Swedish football club

Trönö IK is a Swedish football club located in Trönödal in Hälsingland.

==Background==
Since their foundation Trönö IK has participated mainly in the middle and lower divisions of the Swedish football league system. The club currently plays in Division 3 Södra Norrland which is the fifth tier of Swedish football. They play their home matches at the Trönö IP in Trönödal.

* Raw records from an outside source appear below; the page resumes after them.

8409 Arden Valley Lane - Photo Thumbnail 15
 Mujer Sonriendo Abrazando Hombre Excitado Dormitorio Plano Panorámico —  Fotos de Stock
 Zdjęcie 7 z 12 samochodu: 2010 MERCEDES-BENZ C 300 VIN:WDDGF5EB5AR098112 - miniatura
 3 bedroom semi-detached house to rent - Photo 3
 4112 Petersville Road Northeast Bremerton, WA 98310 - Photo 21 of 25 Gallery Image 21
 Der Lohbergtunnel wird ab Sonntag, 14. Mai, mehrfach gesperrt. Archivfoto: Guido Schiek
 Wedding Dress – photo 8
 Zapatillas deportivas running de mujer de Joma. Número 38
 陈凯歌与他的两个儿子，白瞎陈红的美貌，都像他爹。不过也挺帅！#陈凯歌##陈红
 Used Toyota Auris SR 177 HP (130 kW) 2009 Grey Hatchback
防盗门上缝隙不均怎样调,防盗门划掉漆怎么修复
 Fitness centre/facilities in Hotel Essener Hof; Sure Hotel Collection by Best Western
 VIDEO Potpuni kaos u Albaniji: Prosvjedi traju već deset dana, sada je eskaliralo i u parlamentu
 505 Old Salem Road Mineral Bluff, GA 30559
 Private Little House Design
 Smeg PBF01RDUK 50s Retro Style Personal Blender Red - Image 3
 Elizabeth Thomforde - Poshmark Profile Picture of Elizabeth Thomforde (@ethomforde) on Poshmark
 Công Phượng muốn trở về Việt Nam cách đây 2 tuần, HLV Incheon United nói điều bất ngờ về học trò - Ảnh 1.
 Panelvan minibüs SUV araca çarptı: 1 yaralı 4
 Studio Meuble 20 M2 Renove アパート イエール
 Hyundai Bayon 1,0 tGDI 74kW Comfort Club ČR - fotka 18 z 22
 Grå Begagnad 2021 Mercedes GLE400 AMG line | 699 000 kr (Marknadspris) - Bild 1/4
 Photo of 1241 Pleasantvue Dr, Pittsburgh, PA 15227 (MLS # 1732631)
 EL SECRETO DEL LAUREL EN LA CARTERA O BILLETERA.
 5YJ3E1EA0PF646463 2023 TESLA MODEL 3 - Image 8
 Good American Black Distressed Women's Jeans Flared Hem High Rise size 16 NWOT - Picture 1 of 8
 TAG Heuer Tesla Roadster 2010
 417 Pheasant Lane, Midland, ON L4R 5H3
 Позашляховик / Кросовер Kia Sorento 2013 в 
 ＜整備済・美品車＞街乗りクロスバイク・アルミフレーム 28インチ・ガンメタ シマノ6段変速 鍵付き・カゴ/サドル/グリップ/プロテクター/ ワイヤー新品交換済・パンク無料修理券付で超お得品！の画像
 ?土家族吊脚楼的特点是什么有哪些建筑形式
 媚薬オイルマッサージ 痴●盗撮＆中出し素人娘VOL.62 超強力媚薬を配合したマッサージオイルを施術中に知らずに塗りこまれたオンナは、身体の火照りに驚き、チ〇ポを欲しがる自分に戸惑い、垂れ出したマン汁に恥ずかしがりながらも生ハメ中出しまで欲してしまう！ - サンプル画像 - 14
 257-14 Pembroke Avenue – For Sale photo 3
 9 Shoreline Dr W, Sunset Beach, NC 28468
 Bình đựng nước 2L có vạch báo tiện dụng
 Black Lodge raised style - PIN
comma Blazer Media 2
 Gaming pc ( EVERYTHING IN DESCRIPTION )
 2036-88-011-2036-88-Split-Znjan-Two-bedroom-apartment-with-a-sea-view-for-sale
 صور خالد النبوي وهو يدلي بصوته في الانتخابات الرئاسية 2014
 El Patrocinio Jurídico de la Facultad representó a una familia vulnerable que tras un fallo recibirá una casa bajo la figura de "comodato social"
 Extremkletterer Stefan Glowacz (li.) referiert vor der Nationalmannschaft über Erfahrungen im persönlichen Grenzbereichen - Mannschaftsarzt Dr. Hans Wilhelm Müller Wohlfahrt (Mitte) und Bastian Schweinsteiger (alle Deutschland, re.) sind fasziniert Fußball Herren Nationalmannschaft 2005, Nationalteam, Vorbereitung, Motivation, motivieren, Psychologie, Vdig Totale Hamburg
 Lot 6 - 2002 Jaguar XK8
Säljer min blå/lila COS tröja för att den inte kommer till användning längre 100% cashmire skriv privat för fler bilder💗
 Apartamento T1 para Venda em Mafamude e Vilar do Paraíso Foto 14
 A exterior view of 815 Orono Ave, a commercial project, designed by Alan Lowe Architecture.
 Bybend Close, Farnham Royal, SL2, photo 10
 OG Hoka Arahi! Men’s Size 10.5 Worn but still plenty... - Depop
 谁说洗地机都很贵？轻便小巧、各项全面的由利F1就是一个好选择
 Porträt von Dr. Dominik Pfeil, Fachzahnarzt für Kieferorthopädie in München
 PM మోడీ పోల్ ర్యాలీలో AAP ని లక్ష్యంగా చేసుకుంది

Trönö IK are affiliated to Hälsinglands Fotbollförbund.

==Recent history==
In recent seasons Trönö IK have competed in the following divisions:

2011 – Division III, Södra Norrland

2010 – Division III, Södra Norrland

2009 – Division IV, Hälsingland

2008 – Division IV, Hälsingland

2007 – Division IV, Hälsingland

2006 – Division IV, Hälsingland

2005 – Division V, Hälsingland

2004 – Division IV, Hälsingland

2003 – Division V, Hälsingland

2002 – Division V, Hälsingland

2001 – Division V, Hälsingland

2000 – Division V Hälsingland

1999 – Division V Hälsingland

==Current Squad for the 2011 season==

| No. | Pos. | Nation | Player |
|---|---|---|---|
| 1 | GK | SWE | Niklas Johansson |
| 3 | DF | SWE | Mikael Forss |
| 4 | DF | SWE | Christian Höijer |
| 5 | DF | SWE | Erik Hellbom |
| 6 | MF | SWE | Emil Oremo |
| 7 | MF | SWE | Per Olsson |
| 8 | MF | SWE | Jonas Lif |
| 10 | DF | SWE | Emil Nordqvist |
| 11 | DF | SWE | Alexander Eriksson |

| No. | Pos. | Nation | Player |
|---|---|---|---|
| 13 | MF | SWE | Johan Inglund |
| 14 | DF | SWE | Anders Burman |
| 15 | FW | SWE | Thomas Wallgren |
| 17 | MF | SWE | Magnus Wallgren |
| 18 | FW | SWE | Christer Wallgren |
| 19 | MF | SWE | Mats Nilsson |
| 20 | MF | SWE | Daniel Pettersson |
| 21 | FW | SWE | Viktor Lif |
| 23 | GK | SWE | Emil Johansson |

==Attendances==
In recent seasons Trönö IK have had the following average attendances:

| Season | Average attendance | Division / Section | Level |
|---|---|---|---|
| 2008 | Not available | Div 4 Hälsingland | Tier 6 |
| 2009 | 179 | Div 4 Hälsingland | Tier 6 |
| 2010 | 177 | Div 3 Södra Norrland | Tier 5 |

- Attendances are provided in the Publikliga sections of the Svenska Fotbollförbundet website.